Por sua vez, quando os convidados se reúnem nesta pessoa modesta e quieta, ele fica fora de si. Ainda na véspera as compras rolavam, a casa toda de pé, os criados eram repreendidos e espancados, tudo de cabeça para baixo, fritavam, fumegavam, como se esperassem índios famintos. Além disso, todas as mentiras da vida aparecem nessas preparações - convidados importantes têm direito a uma preparação, um prato, vasos e toalhas, convidados comuns - tudo também é mediano, e os pobres estão piorando e, o mais importante, menores. Embora estes sejam os únicos que podem estar realmente com fome. E crianças, e governantas, e criados, e o porteiro são ensinados desde a infância, olhando a situação dos preparativos, a respeitar alguns, é bom, curvar-se educadamente a eles, desprezar os outros. A casa toda se acostuma a viver na eterna mentira – uma coisa para os outros, outra para si. E Deus me livre que os outros saibam como realmente vivem todos os dias. Há pessoas que penhoram os seus bens para melhor alimentar os convidados, compram ananás e vinho, outras cortam do orçamento, do mais necessário para o mesmo fim. Além disso, todos estão infectados com uma epidemia de imitação. “Vai ser pior para mim do que para os outros?”

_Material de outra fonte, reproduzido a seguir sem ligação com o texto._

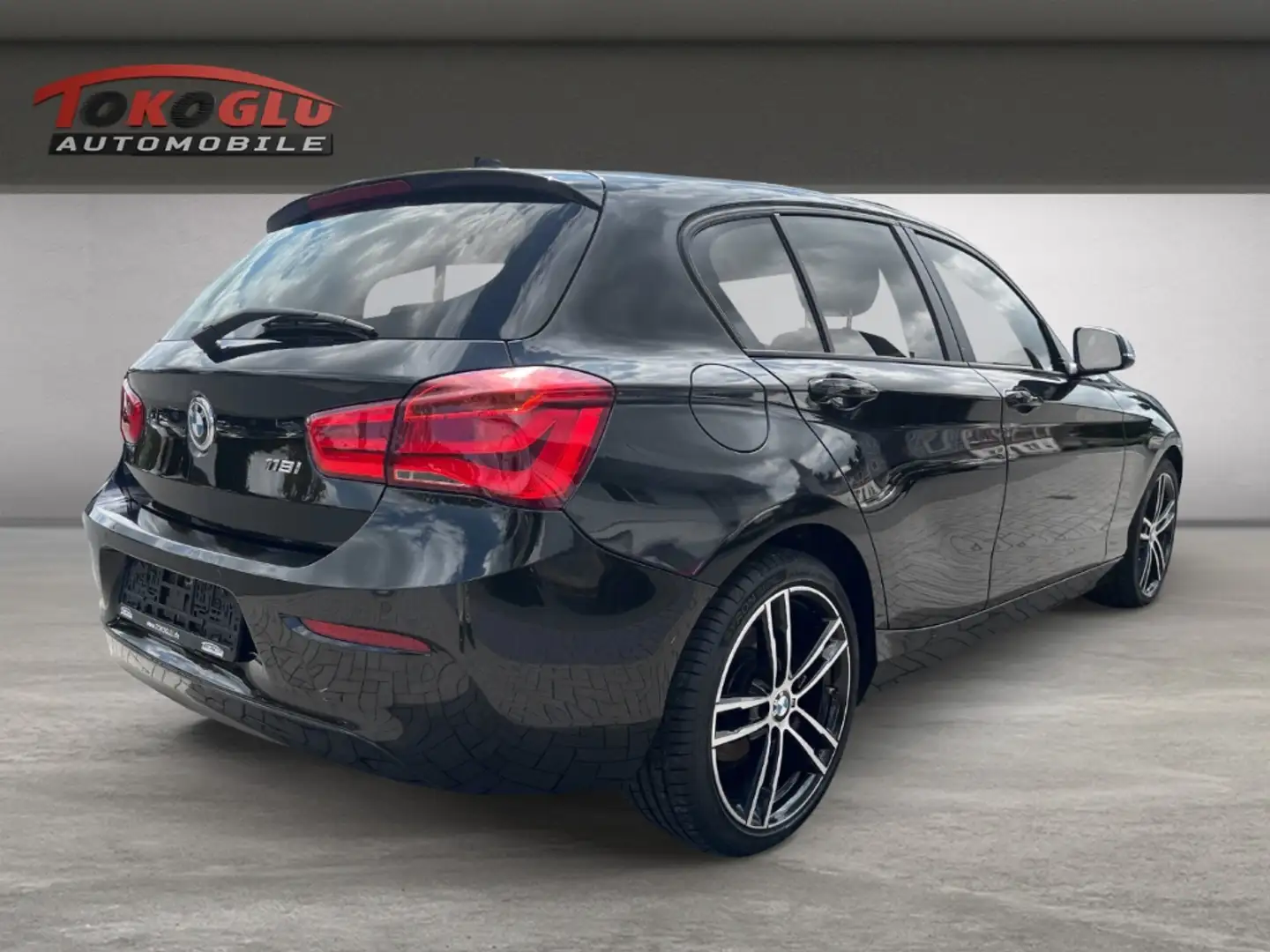 BMW 118 i Advantage EU6d-T LED Mehrzonenklima Fahrerprofil Schwarz - 2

De onde vêm esses costumes estranhos? – pergunto ao IE [Repin] – Isso, provavelmente, veio até nós do Oriente!!!

Leste!? Quanto você sabe sobre o Oriente! Lá, a vida familiar é fechada e os convidados não podem chegar nem perto – o convidado da sala de recepção senta-se no sofá e bebe uma pequena xícara de café. Isso é tudo!

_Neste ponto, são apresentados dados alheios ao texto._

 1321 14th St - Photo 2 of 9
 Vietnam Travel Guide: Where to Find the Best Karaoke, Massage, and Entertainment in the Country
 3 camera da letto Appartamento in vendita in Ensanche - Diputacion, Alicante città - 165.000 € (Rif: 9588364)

– E na Finlândia, os convidados não são convidados para sua casa, mas para uma confeitaria ou restaurante, mas na Alemanha eles vão para os vizinhos com sua cerveja. Então, diga-me, de onde vem esse costume?

– De onde de onde! Esta é uma característica puramente russa. Leia Zabelin, ele tem tudo documentado. Antigamente, havia 60 pratos no jantar com reis e boiardos. Ainda mais. Quantos, provavelmente não sei dizer, parece ter chegado a cem.

Muitas vezes, muitas vezes em Moscou, pensamentos semelhantes e comestíveis vinham à minha mente. E decido usar todas as minhas forças para me corrigir das formas antigas e obsoletas. Direitos iguais e auto-ajuda não são ideais ruins, afinal! É preciso jogar fora o velho lastro que complica a vida e interfere nos bons relacionamentos simples!

Claro, estamos falando aqui sobre os costumes das camadas superiores da sociedade russa pré-revolucionária. No entanto, é impossível não lembrar a famosa “hospitalidade russa”, a fábula do ouvido de IA Krylov Demyanov, as queixas do médico Pavel Niemeyer sobre o chamado “engorda” em jantares privados (Abfutterung in Privatkreisen, veja abaixo p. 374 aa) ou uma clara condição estabelecida por Wolfgang Goethe, que recebeu um convite de Moritz von Bethmann em Frankfurt em 19 de outubro de 1814: jantar." E talvez alguém se lembre de suas próprias experiências.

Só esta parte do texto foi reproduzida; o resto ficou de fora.